[Dataset records]
* * *

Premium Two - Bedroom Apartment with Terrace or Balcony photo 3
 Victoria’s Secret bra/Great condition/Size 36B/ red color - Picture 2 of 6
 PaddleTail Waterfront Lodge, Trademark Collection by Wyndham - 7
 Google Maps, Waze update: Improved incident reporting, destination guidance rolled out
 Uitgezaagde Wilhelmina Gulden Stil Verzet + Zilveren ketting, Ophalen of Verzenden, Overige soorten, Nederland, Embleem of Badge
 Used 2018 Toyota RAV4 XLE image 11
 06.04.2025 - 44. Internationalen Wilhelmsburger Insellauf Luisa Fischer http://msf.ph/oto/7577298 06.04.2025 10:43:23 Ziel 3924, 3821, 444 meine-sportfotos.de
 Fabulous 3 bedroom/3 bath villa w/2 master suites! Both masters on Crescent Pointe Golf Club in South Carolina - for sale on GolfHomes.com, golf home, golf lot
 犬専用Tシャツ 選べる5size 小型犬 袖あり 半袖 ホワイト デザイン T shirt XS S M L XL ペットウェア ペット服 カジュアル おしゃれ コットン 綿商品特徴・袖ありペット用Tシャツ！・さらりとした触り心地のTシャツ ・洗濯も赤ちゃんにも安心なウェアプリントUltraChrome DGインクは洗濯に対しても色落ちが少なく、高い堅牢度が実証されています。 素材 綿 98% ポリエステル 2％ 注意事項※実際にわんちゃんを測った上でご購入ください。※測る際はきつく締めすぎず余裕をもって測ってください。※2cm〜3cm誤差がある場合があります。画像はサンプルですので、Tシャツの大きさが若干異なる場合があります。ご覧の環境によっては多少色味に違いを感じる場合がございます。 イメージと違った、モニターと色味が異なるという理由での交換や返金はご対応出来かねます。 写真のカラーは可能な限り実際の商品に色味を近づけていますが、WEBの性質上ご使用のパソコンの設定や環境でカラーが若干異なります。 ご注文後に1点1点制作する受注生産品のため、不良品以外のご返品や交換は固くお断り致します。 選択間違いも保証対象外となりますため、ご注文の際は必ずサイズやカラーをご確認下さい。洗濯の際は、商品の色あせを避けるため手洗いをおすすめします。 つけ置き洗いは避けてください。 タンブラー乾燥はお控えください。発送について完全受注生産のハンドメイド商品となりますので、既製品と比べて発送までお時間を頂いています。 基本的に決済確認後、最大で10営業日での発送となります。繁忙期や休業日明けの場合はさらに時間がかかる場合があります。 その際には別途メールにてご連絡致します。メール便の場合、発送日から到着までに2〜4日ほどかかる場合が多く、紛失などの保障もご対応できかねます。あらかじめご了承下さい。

* * *

* _What you will do_: Once you have read the data, copy all of it out exactly.

* _Completed exercise_:
Premium Two - Bedroom Apartment with Terrace or Balcony photo 3
 Victoria’s Secret bra/Great condition/Size 36B/ red color - Picture 2 of 6
 PaddleTail Waterfront Lodge, Trademark Collection by Wyndham - 7
 Google Maps, Waze update: Improved incident reporting, destination guidance rolled out
 Uitgezaagde Wilhelmina Gulden Stil Verzet + Zilveren ketting, Ophalen of Verzenden, Overige soorten, Nederland, Embleem of Badge
 Used 2018 Toyota RAV4 XLE image 11
 06.04.2025 - 44. Internationalen Wilhelmsburger Insellauf Luisa Fischer http://msf.ph/oto/7577298 06.04.2025 10:43:23 Ziel 3924, 3821, 444 meine-sportfotos.de
 Fabulous 3 bedroom/3 bath villa w/2 master suites! Both masters on Crescent Pointe Golf Club in South Carolina - for sale on GolfHomes.com, golf home, golf lot
 犬専用Tシャツ 選べる5size 小型犬 袖あり 半袖 ホワイト デザイン T shirt XS S M L XL ペットウェア ペット服 カジュアル おしゃれ コットン 綿商品特徴・袖ありペット用Tシャツ！・さらりとした触り心地のTシャツ ・洗濯も赤ちゃんにも安心なウェアプリントUltraChrome DGインクは洗濯に対しても色落ちが少なく、高い堅牢度が実証されています。 素材 綿 98% ポリエステル 2％ 注意事項※実際にわんちゃんを測った上でご購入ください。※測る際はきつく締めすぎず余裕をもって測ってください。※2cm〜3cm誤差がある場合があります。画像はサンプルですので、Tシャツの大きさが若干異なる場合があります。ご覧の環境によっては多少色味に違いを感じる場合がございます。 イメージと違った、モニターと色味が異なるという理由での交換や返金はご対応出来かねます。 写真のカラーは可能な限り実際の商品に色味を近づけていますが、WEBの性質上ご使用のパソコンの設定や環境でカラーが若干異なります。 ご注文後に1点1点制作する受注生産品のため、不良品以外のご返品や交換は固くお断り致します。 選択間違いも保証対象外となりますため、ご注文の際は必ずサイズやカラーをご確認下さい。洗濯の際は、商品の色あせを避けるため手洗いをおすすめします。 つけ置き洗いは避けてください。 タンブラー乾燥はお控えください。発送について完全受注生産のハンドメイド商品となりますので、既製品と比べて発送までお時間を頂いています。 基本的に決済確認後、最大で10営業日での発送となります。繁忙期や休業日明けの場合はさらに時間がかかる場合があります。 その際には別途メールにてご連絡致します。メール便の場合、発送日から到着までに2〜4日ほどかかる場合が多く、紛失などの保障もご対応できかねます。あらかじめご了承下さい。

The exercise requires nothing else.